Comment by Ian Whalen (Inactive) [ 22/Aug/17 ]

Resolving this as Cannot Reproduce since we currently don't have enough info to proceed on. Please do reopen if you have any other information you can provide.

Comment by Justin Seyster [ 12/Jul/17 ]

I adapted the invalidated_cursors.js test that david.storch mentioned so that it runs continuously in a sharded configuration, but after running it for ~48 hours, it did not produce a failure.

I'm going to return this to the backlog for now, so that we can come back to it when we have more information. That will probably mean waiting for it to reproduce in another context.

Steffen Thanks again for the detailed information and logs. When this reproduces, our team is going to be looking to see if the workload includes non-query commands that return cursors (like aggregate or listCollections) and also if there is the possibility that a collection got dropped around the time of the invariant failure. If you know whether those apply to your workload, we'd also be interested in knowing that.

Additionally, any information that you have about what commands or queries were running on mongos at the time of the failure and any general workload information that you have would be a huge help. Thanks!

Comment by David Storch [ 08/Jun/17 ]

Thanks for uploading the logs, steffen. The Query Team has analyzed them, but we were unable to find any useful information there. We have also done a code inspection of the ClusterCursorManager looking for a coding error that is consistent with this symptom. That has been a dead end so far.

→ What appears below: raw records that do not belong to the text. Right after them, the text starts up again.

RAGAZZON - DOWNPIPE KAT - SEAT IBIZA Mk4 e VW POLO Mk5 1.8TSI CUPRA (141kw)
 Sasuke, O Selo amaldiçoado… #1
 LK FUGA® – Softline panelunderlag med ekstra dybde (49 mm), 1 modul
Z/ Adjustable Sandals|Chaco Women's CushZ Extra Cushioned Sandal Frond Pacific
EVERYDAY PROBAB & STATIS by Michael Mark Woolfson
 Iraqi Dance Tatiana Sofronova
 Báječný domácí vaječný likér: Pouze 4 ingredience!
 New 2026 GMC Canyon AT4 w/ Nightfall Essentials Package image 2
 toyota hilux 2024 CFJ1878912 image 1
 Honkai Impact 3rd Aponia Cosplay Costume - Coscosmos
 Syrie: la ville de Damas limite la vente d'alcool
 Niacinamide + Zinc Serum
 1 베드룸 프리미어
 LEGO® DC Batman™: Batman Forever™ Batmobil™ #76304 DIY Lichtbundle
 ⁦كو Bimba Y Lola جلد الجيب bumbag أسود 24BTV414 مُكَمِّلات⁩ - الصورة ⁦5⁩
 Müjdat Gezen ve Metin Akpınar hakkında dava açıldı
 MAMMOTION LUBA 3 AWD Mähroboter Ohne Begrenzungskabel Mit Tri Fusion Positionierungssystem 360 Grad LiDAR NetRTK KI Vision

We noticed that we have an existing test which attempts to stress concurrent cursor management: invalidated_cursors.js. However, this test has been blacklisted in a sharded configuration for an unrelated reason. The next action on this investigation should be to adapt the test to run sharded, and see if after many runs in our continuous integration loop we can reproduce this behavior.

Comment by Steffen [ 27/Apr/17 ]

Thanks, FYI: Sofar we don't know how to reproduce this. Also it's first time we noticed it.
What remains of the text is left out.